What is the Congregate Care Limitation?

The congregate care limitation is a new requirement of the Family First law that limits federal funding states can receive for children placed in group foster homes or residential settings. This shift represents an important development in the landscape of child placements and may have particular repercussions in states with large numbers of group homes.

State laws allow states to utilize existing IV-E funds for children placed in group homes or residential settings, provided they meet certain criteria. These include being there no more than two weeks, unless there are special circumstances such as pregnancy or mental health issues that necessitate such placement.

To guarantee a secure and healthy environment for all children and staff in congregate care settings, programs must adhere to COVID-19 infection prevention guidelines. In particular, they must follow CDC guidance regarding mask use and social distancing in order to prevent infection spread among residents and staff members.

Furthermore, congregate care providers must continue to implement visitation and vaccination policies that do not restrict residents’ ability to visit with their loved ones. This applies to visits in designated indoor or outdoor spaces as well as inside the resident’s room. When licensing and funding agencies modify visitation guidance, programs must create communication materials for all potential visitors, family members and licensing/funding agencies so that everyone understands the changes.

Furthermore, congregate care programs should increase the frequency of regular cleaning and disinfection as recommended by CDC. This includes a thorough clean and disinfection of rooms, bathrooms and other areas residents use while in the program.

Family First Prevention Services Act and its congregate care limitations are an important step forward in the prevention of child abuse and neglect, but states and local governments must collaborate with researchers, child advocates and policy makers to guarantee that these promises translate into tangible improvements for families.

What is the Transition Act?

In early 2018, the Family First Act was passed to enhance child welfare services by increasing access to prevention-oriented infrastructure such as mental health and substance abuse treatment, in-home training programs, and parent skills courses.

Additionally, it helps keep children safely in their homes or a least restrictive, family-like setting when foster care is necessary. Furthermore, it provides more support for residential programs and therapeutic foster care.

Congress recently allocated $500 million in one-time federal funding for states to help implement the Family First law. This money will be distributed directly to state child welfare agencies according to their discretion.

New York State is expected to receive approximately $21 million from this fund, though the Office of Children and Family Services will determine its use. The fund is intended to assist Long-Term Supportive Services (LDSSs) recruit and retain current and prospective foster families, including kinship caregivers – relative or non-relative with a positive connection to the child.

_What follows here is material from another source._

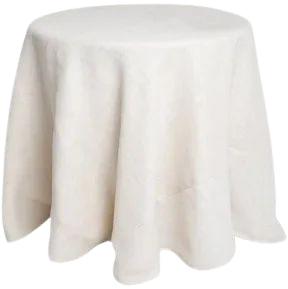 table skirt white round linen - Google Search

Furthermore, this bill empowers states to offer additional services to older adolescents and young adults who are overrepresented in group care settings. This includes modifications to the Chafee Foster Care Independence Program that provide flexible spending grants that can assist these youth with education, employment opportunities, financial management skills, housing needs, as well as other necessities.

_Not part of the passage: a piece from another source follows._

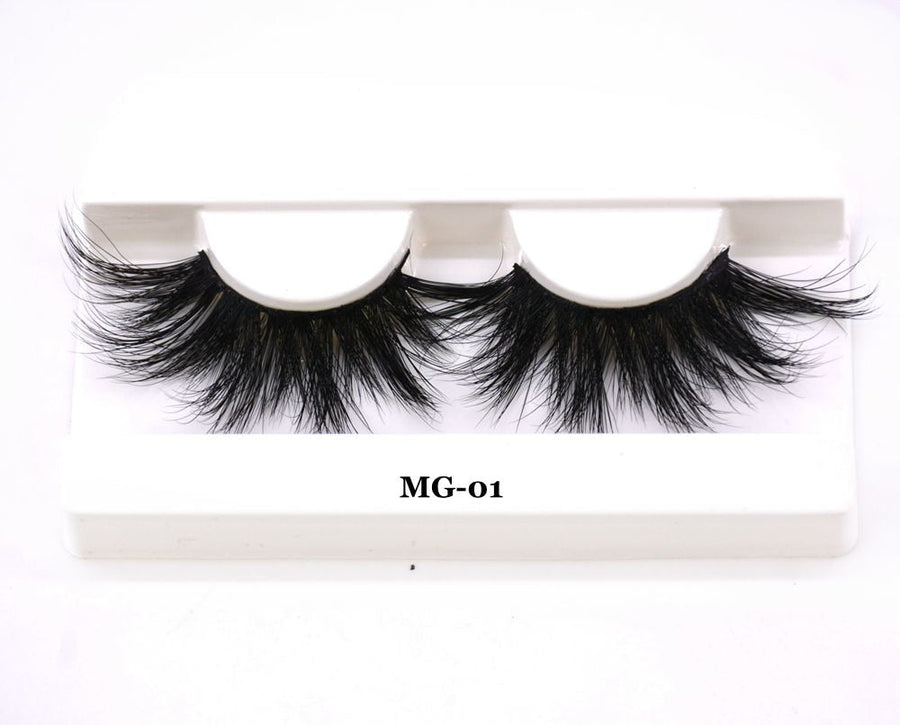 25mm 3D Mink False Eyelashes for Dramatic Volume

The law also promises short-term funding guarantees for states with expiring Title IV-E waivers. It allows them to recoup 90 percent of what would have been lost under FFPSA, then reduce that amount back down to 75 percent by next year.

Despite its limitations, the Family First law will drastically reduce the number of children placed in out-of-home care. It also places additional restrictions on which types of placements qualify for Medicaid reimbursement and how those facilities are managed.

The law is expected to result in fewer youth entering the child welfare system, leading to less trauma. Furthermore, it allows states to use federal funds longer for therapeutic foster homes that serve youth with acute needs without requiring them to be placed in congregate care.